▶ **TASK INPUTS**
========

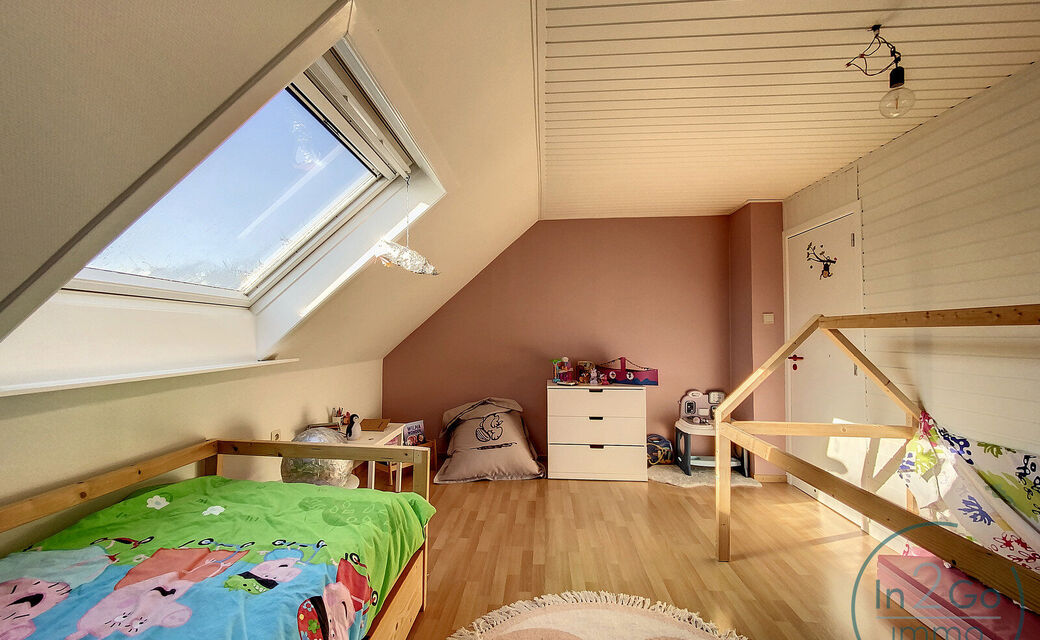 Huis te koop in Oud-Heverlee
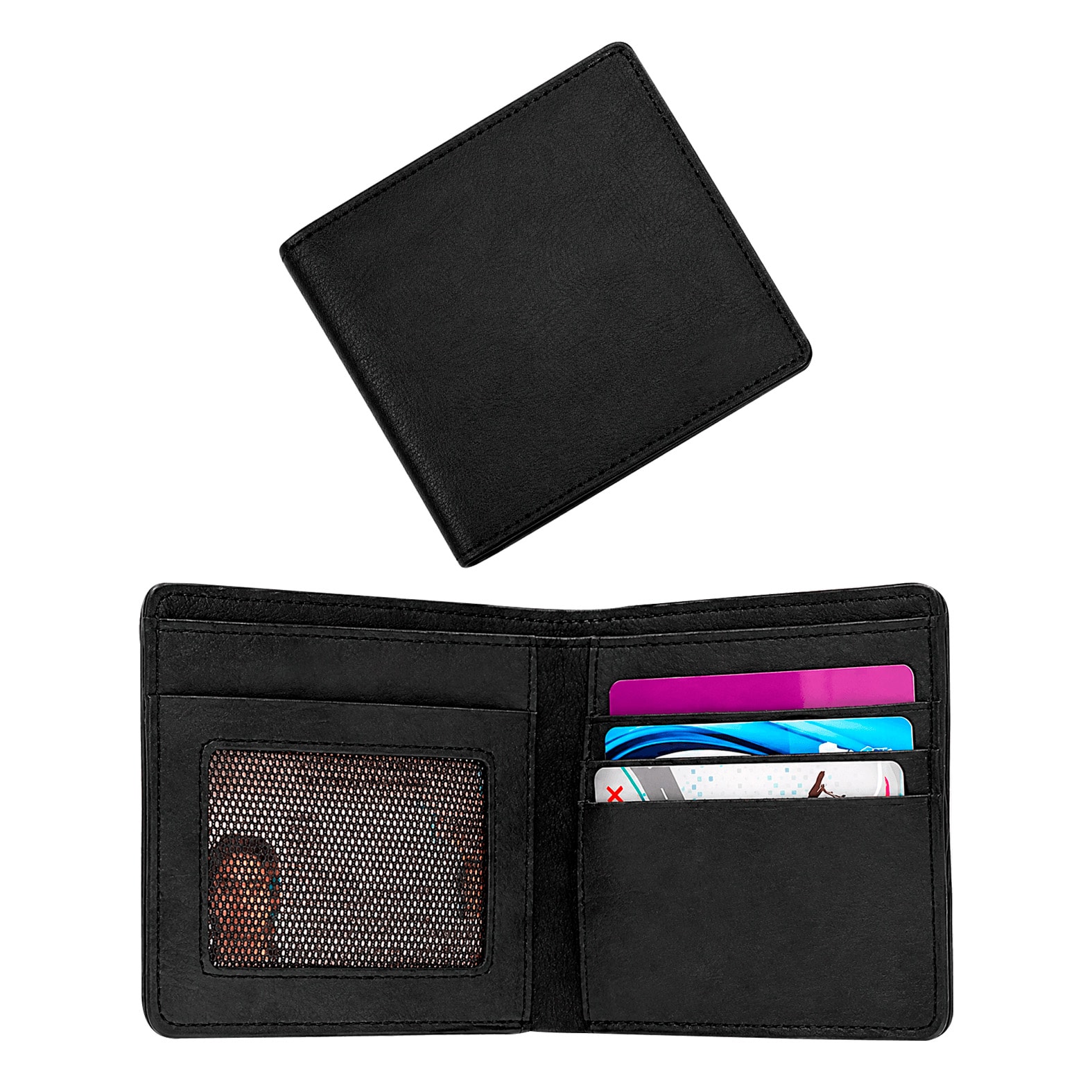 Cartera Wally en color gris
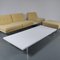 Set with Sofa, Ottoman and Coffee Table by George Nelson for Herman Miller, 1960s, Image 10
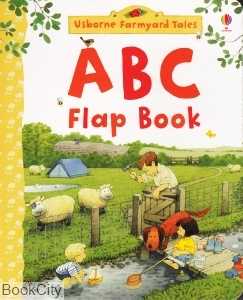 Farmyard Tales ABC Flap Book
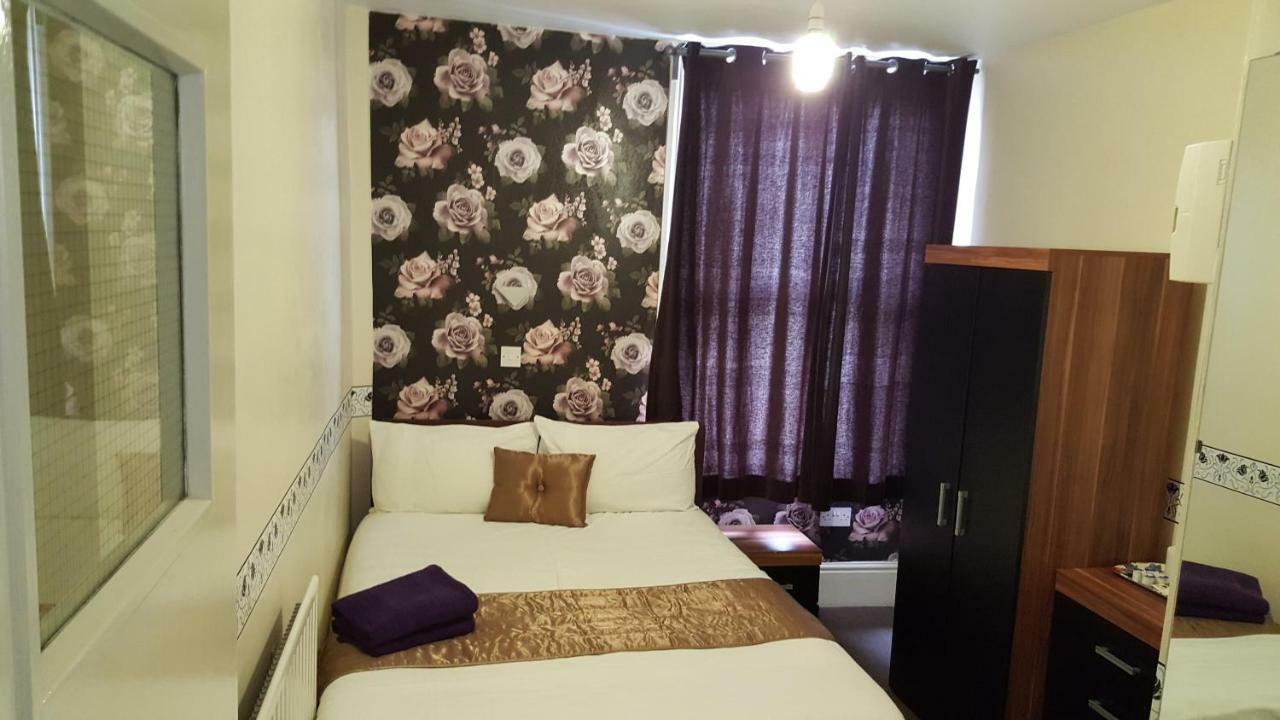 Portsmouth Inns Εξωτερικό φωτογραφία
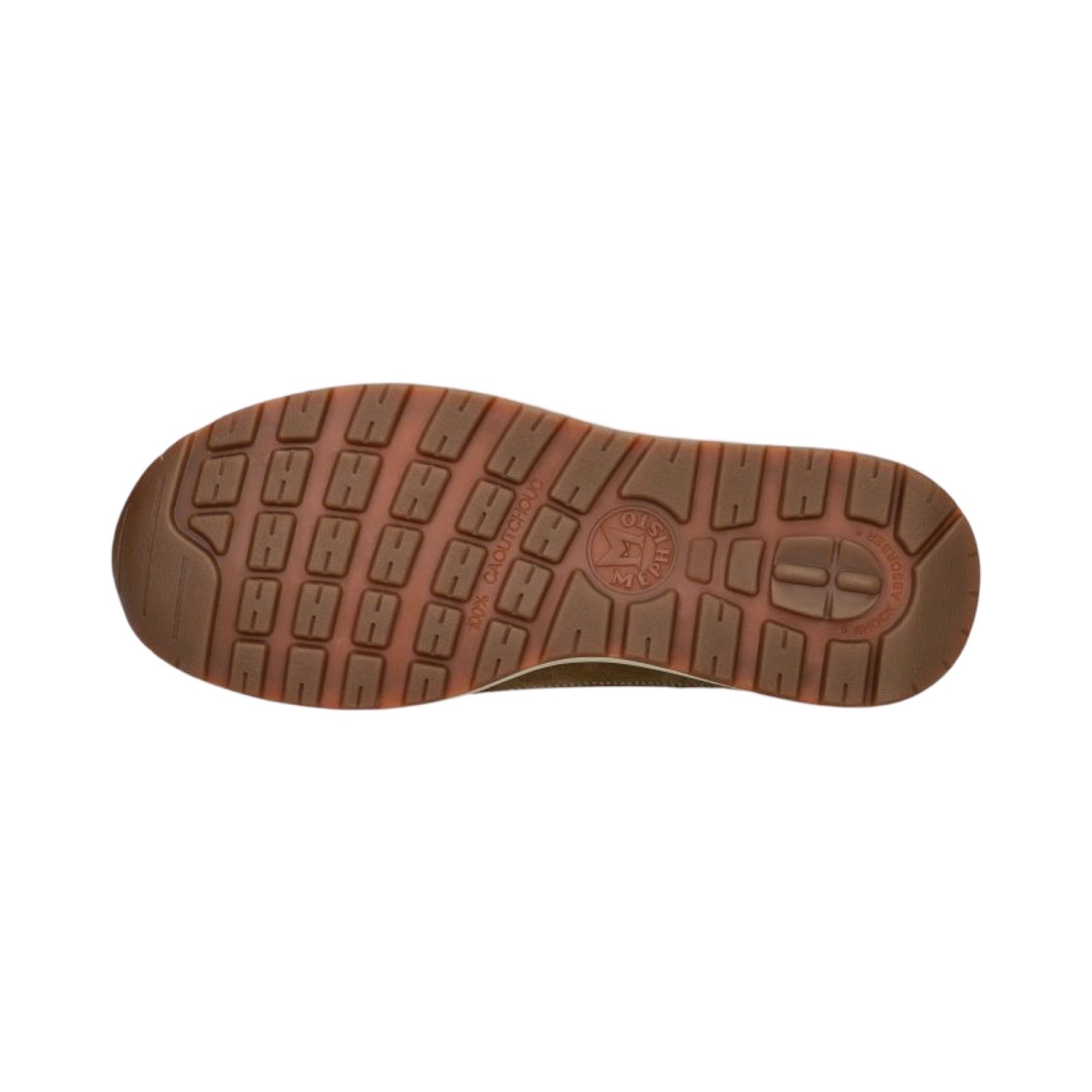 Mephisto 4284 Sneaker Bradley Spice G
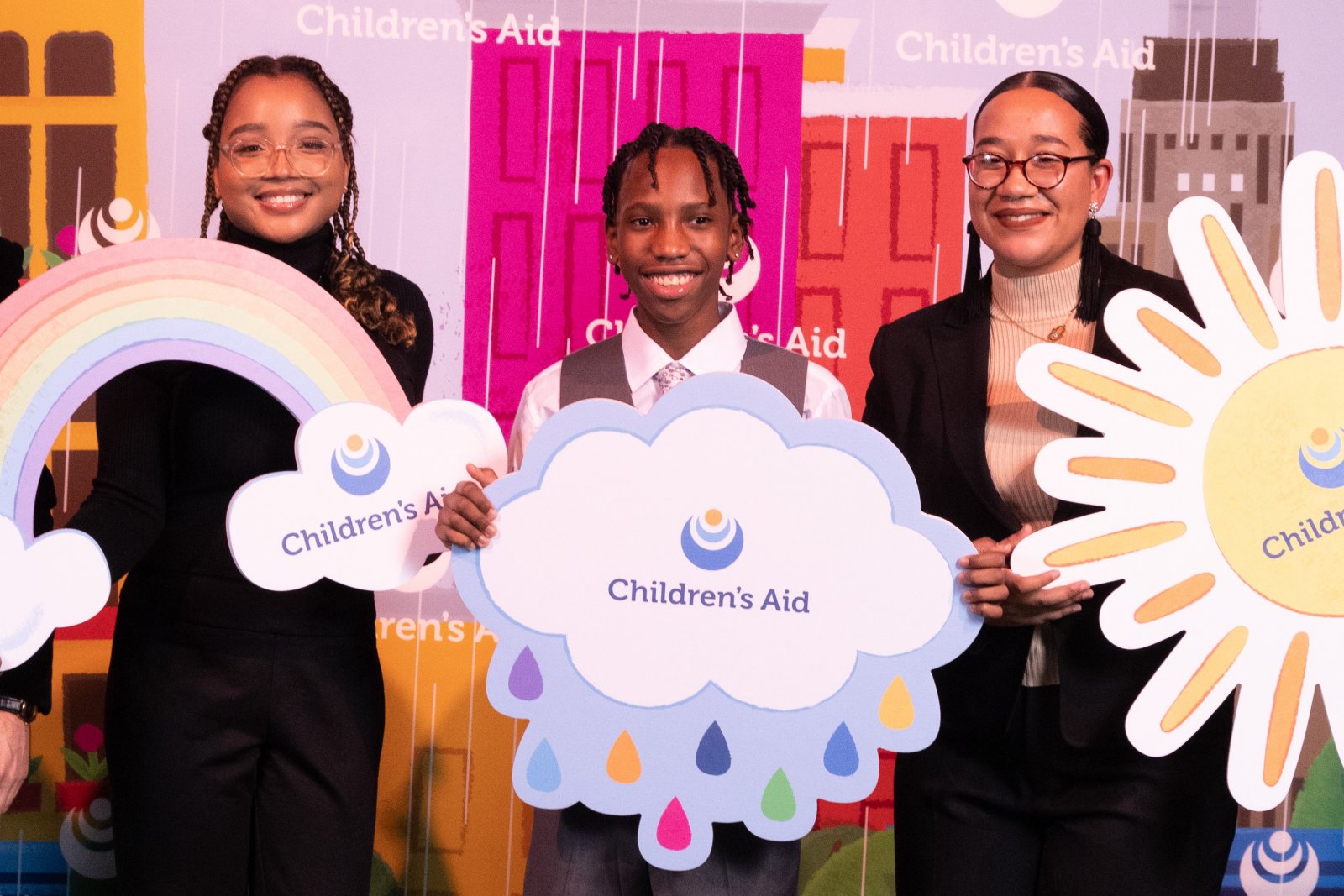 2021 Children's Aid Benefit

========

▶ **EXERCISE GOAL**
Copy exactly the lines that run from the line containing "Farmyard Tales ABC Flap Book" to the end of the data above, keeping both end lines and leaving out all pictures.

▶ **EXERCISE RESPONSE**
 Farmyard Tales ABC Flap Book
 Portsmouth Inns Εξωτερικό φωτογραφία
 Mephisto 4284 Sneaker Bradley Spice G
 2021 Children's Aid Benefit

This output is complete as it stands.